Fee structures compound over time. A 2-and-20 structure on a fund that takes 10 years to fully realize means management fees consume a meaningful share of gross returns before carried interest applies. The 5-year Public Market Equivalent for US buyout funds dropped to 1.05 to 1.12 as of 2024, per Cambridge Associates and Bain analysis. After accounting for the illiquidity premium, recent vintage buyout LPs received returns roughly equivalent to public market exposure.
IRR is a useful metric. It is not an honest one when presented in isolation. ILPA's 2025 Performance Template and the SEC's 2024 Marketing Rule FAQ are the first serious structural attempts to close the gap between what IRR says and what LPs receive. Use both as the baseline for what any GP you evaluate should now be able to provide.

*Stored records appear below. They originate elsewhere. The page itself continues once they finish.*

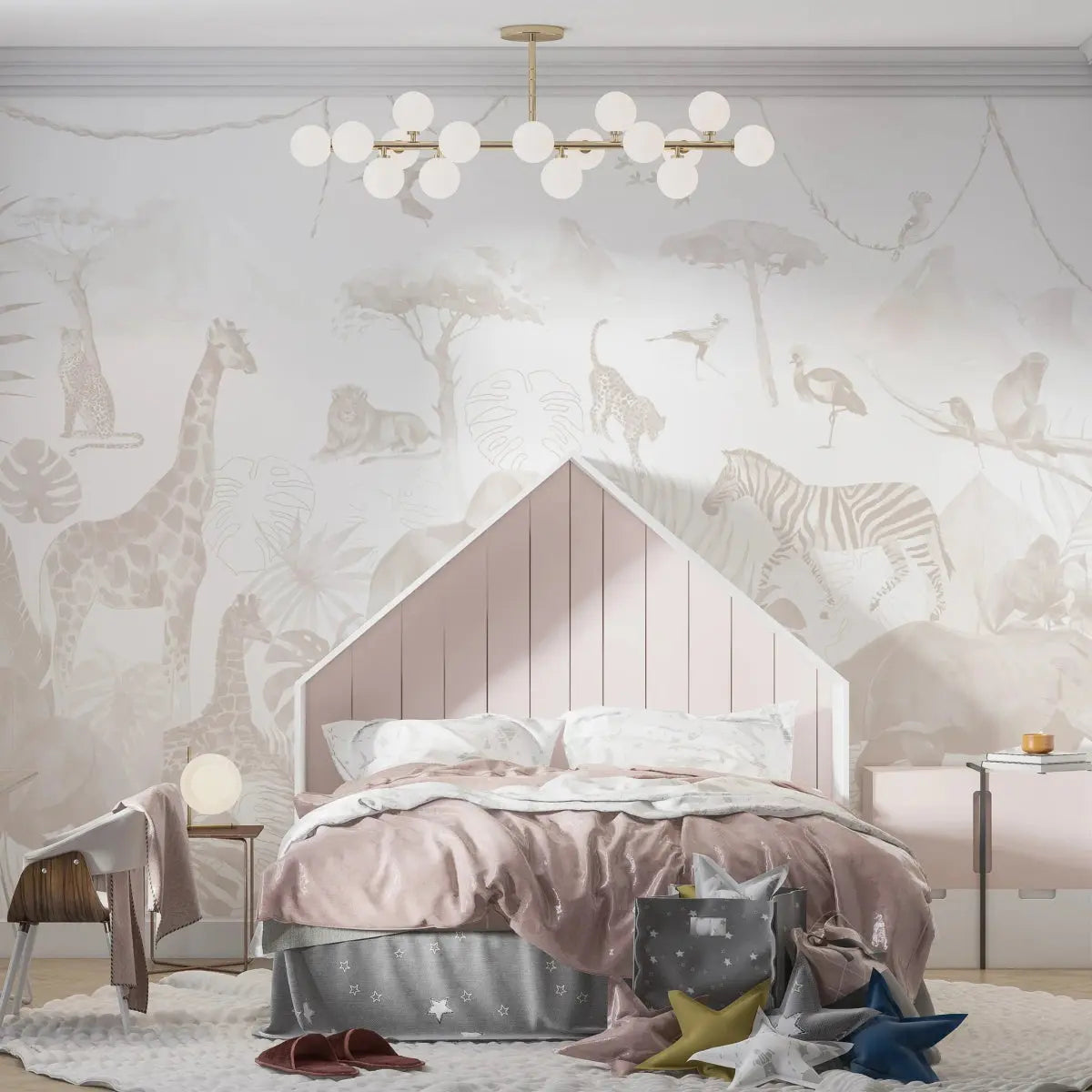 MUNKS & ME - Papier Peint Chambre Enfant Jungle Paradisiaque - Neutre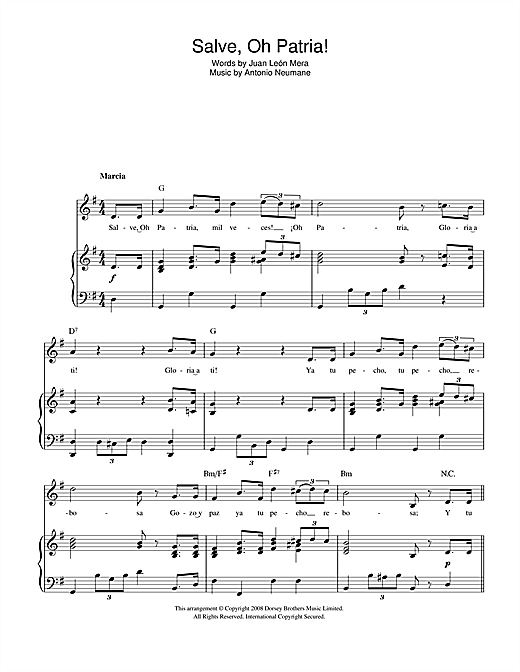 Antonio Neumane Salve Oh Patria Ecuadorian National Anthem Sheet 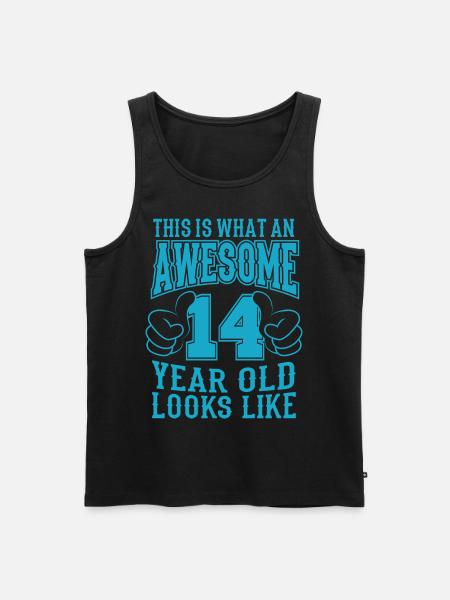 Jag är 14 år 14 födelsedag pojkar 14 år - Ekologisk premium tanktopp herr - svart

Author Disclosure: Jeff Barnes, MBA has no personal position in any company, fund, or platform named in this article. Angel Investors Network has no current commercial relationship with any party mentioned. AIN provides marketing and education services, not investment advice. Past performance does not guarantee future results. All investments involve risk, including loss of principal.